§ Task statement: A faithful transcript of every entry is required; pictures do not belong in it.

######

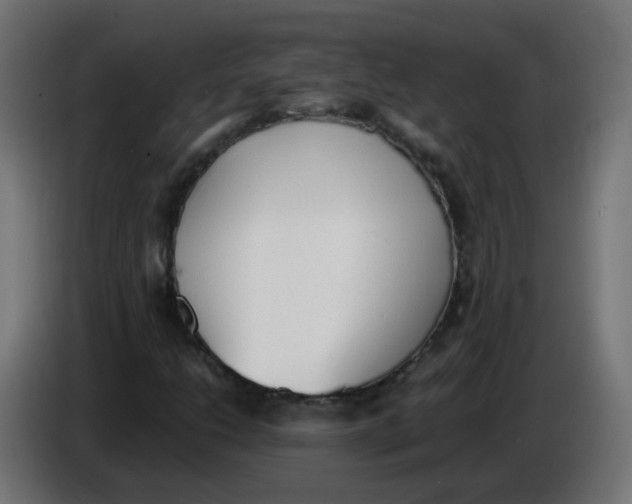 X0000086111206200704132202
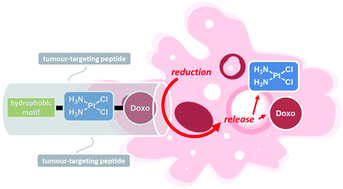 Graphical abstract: Ratiometric delivery of cisplatin and doxorubicin using tumour-targeting carbon-nanotubes entrapping platinum(iv) prodrugs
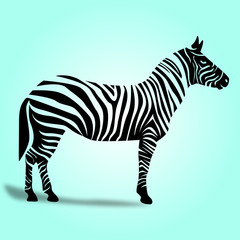 Fototapeta na wymiar Zebra illustration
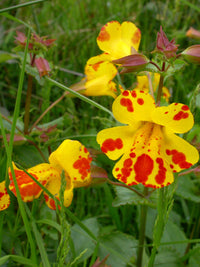 Mimulus Luteus Flower seeds for Planting - Drought Tolerant, Heirloom & GMO Free Seeds for Home Garden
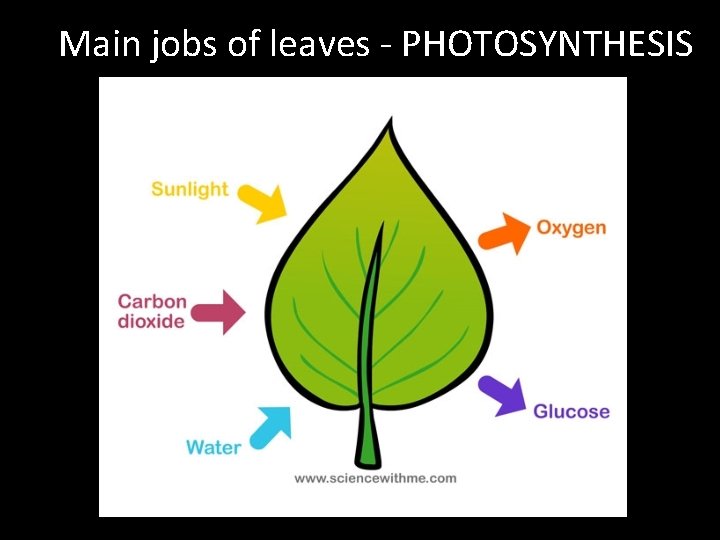 Main jobs of leaves - PHOTOSYNTHESIS 
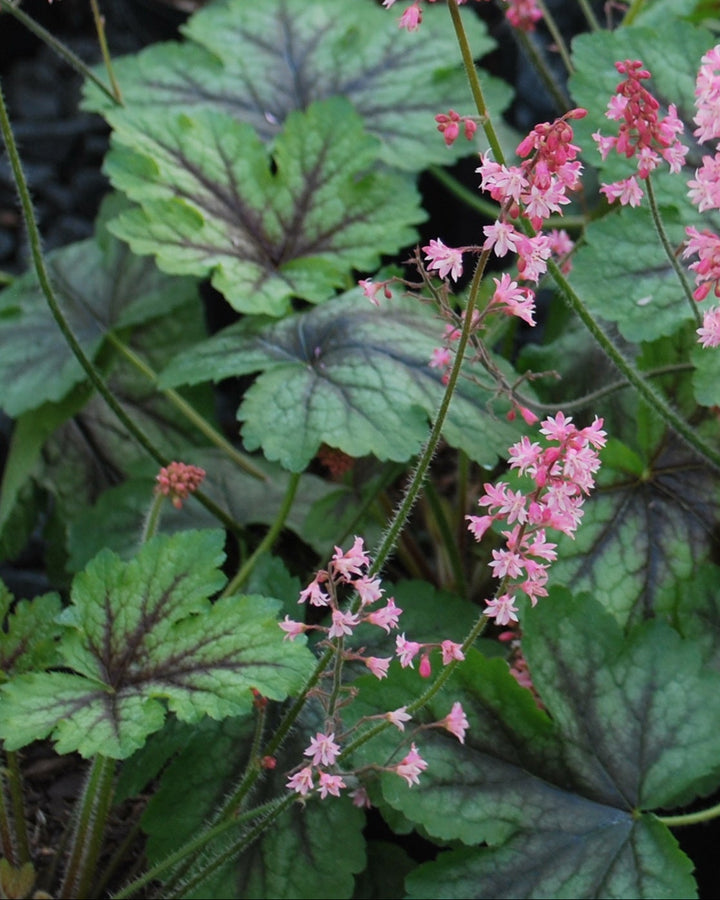 Heucherella 'Pink Revolution' (Foamy Bells)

######

§ Expected answer:
 X0000086111206200704132202
 Graphical abstract: Ratiometric delivery of cisplatin and doxorubicin using tumour-targeting carbon-nanotubes entrapping platinum(iv) prodrugs
 Fototapeta na wymiar Zebra illustration
 Mimulus Luteus Flower seeds for Planting - Drought Tolerant, Heirloom & GMO Free Seeds for Home Garden
 Main jobs of leaves - PHOTOSYNTHESIS 
 Heucherella 'Pink Revolution' (Foamy Bells)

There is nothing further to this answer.